Flight of the Phoenix (2004)

2 Stars (out of 4)

Uneventful 'Flight'

By Rob Blackwelder, SPLICEDwire

There are bound to be very few surprises in a movie that gives away its ending in the title. A remake of a 1965 Jimmy Stewart movie in which the survivors of a desert plane crash build a new makeshift aircraft from the wreckage of the old one, Flight of the Phoenix has no surprises at all.

From a guy showing pictures of his wife and kid (uh oh) before the doomed cargo plane even takes off to ferry workers home from a shut-down Gobi Desert oil rig, to the personality clashes as social order disintegrates, to the inspirational speeches that bring them all back together, everything in the story comes pretty much on cue.

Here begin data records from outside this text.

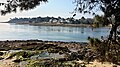 La Pointe de Combrit vue depuis Bénodet.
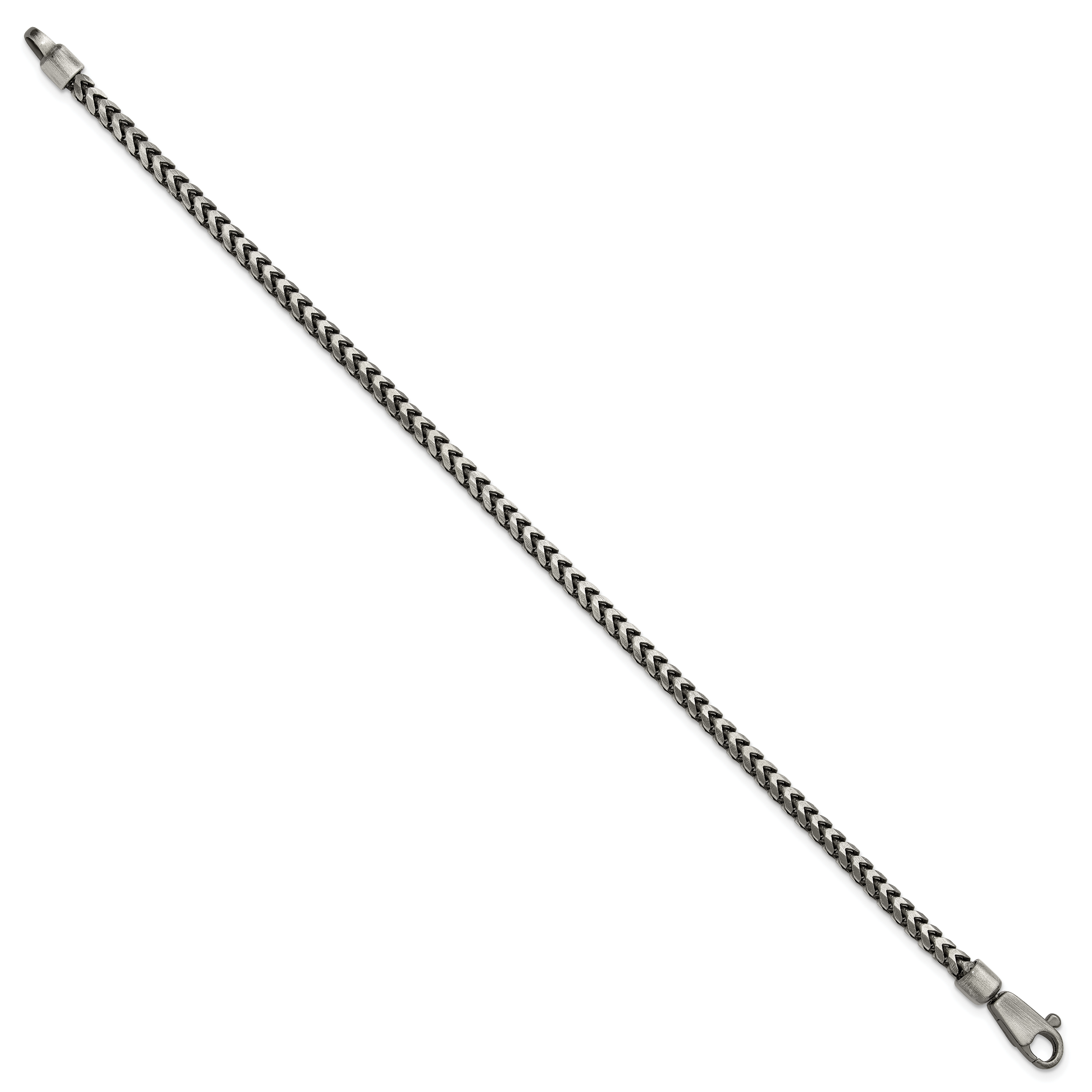 Sterling Silver Antiqued 3.1mm D/C Square Franco Chain Secondary image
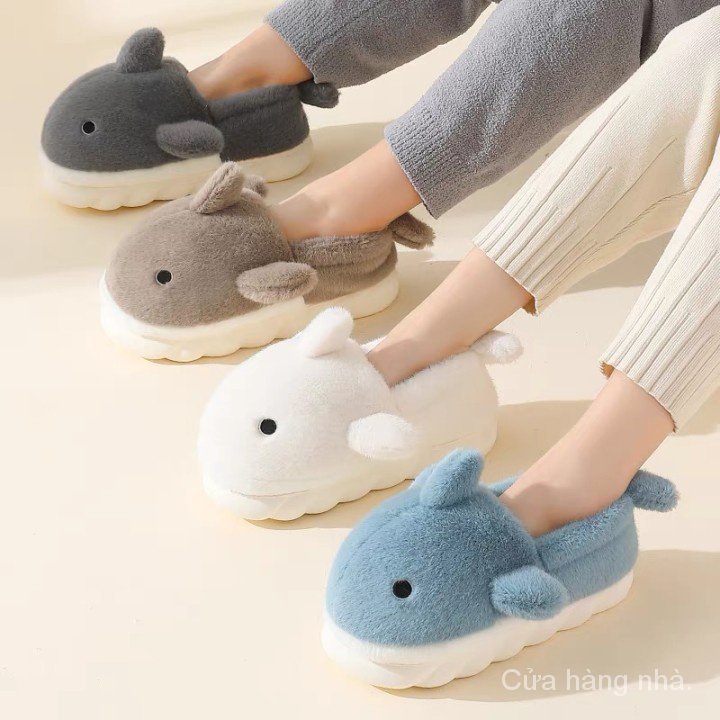 Dép Bông Đi Trong Nhà Giữ Ấm Dễ Thương Cho Cặp Đôi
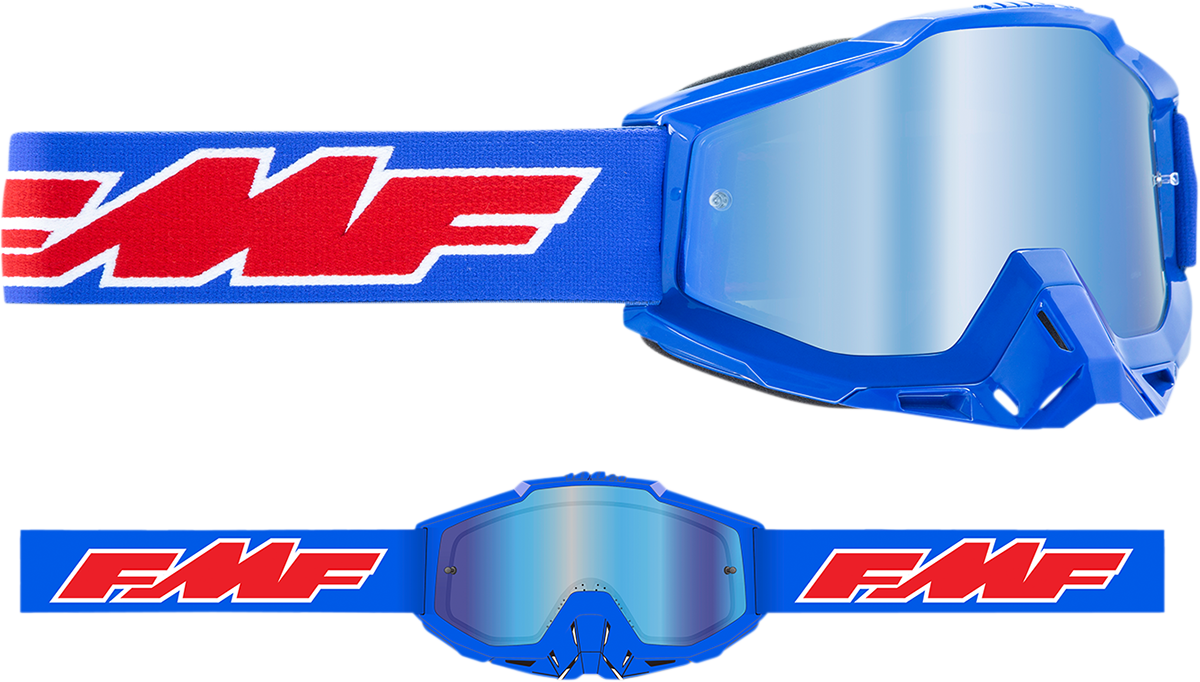 FMF PowerBomb Goggles - Rocket - Blue - Blue Mirror F-50037-00002 2601-2977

Even the band of desert marauders who turn up to threaten them arrives just in time to kick off the third act.

Dennis Quaid stars as the cantankerous captain who tries to fly above a huge sandstorm rather than delay his flight, subsequently crash-landing 200 miles off course with his co-pilot (Tyrese Gibson, Baby Boy), the rig's project leader and token female (Miranda Otto, Lord of the Rings), the corporate stooge who shut her down (Hugh Laurie, Fox TV's "House"), and a gritty cultural cross-section of rig workers.

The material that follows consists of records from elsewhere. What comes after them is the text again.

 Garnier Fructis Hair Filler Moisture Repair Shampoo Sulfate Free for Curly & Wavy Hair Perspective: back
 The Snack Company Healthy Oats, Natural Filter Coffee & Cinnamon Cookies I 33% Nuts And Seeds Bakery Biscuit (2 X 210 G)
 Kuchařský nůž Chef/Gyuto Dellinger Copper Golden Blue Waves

Their only hope is that the one passenger who wasn't supposed to be there, a nasally nerd (Giovanni Ribisi) who happens to design airplanes -- and happened to be "backpacking" through the remote, almost impassibly inhospitable area for no explored reason -- can engineer an air-worthy vessel, using the parts and equipment on hand, before their food and water run out.

Director John Moore (Behind Enemy Lines) conspicuously skips over important details (how does this crew get its improvised plane out of the ditch where they build it?), fails to establish the terrain (aerial shots show a vast field of dunes, yet some scenes take place in rocky valleys) and has his characters inexplicably spend their down time outside in the blazing sun. There's never any real sense of peril because the entire film feels prefabricated. When Quaid has only five chances to start the new plane's engine, how many tries do you think it will take?

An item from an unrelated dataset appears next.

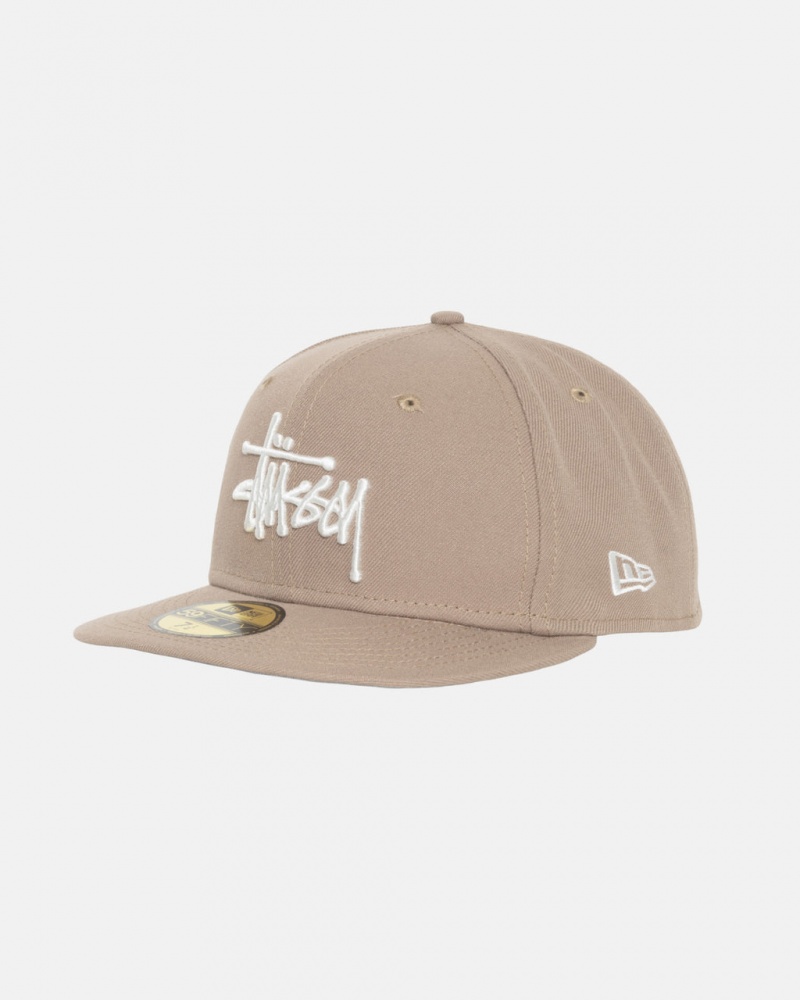 Stussy New Era 59Fifty Authentic - Unisex Khaki | ZDKNQ50102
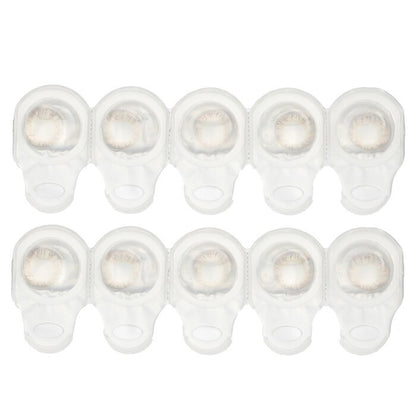 Miche Bloomin' Quarter Veil 1 Day Color Contact Lenses (107 Clear Grege) - - 2.00 10pcs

The only unpredictable element is Ribisi's character, who is coldly practical (to the point of arguing that an injured man should be allowed to die sooner rather than later to conserve supplies), but becomes egomaniacal upon realizing that "everyone here is dispensable except me."

Ribisi's performance is somewhat affected -- as if he's basing the engineer's entire personality on his nasal twang -- but if it weren't for him there would be little here to hold one's interest after the original plane goes through its cinematic barrel rolls, its fuselage-chopping lost propeller and its sand-blasting belly landing during the computer-generated opening storm.

So while the do-it-themselves plane of the title does eventually get off the ground, the movie doesn't really follow suit.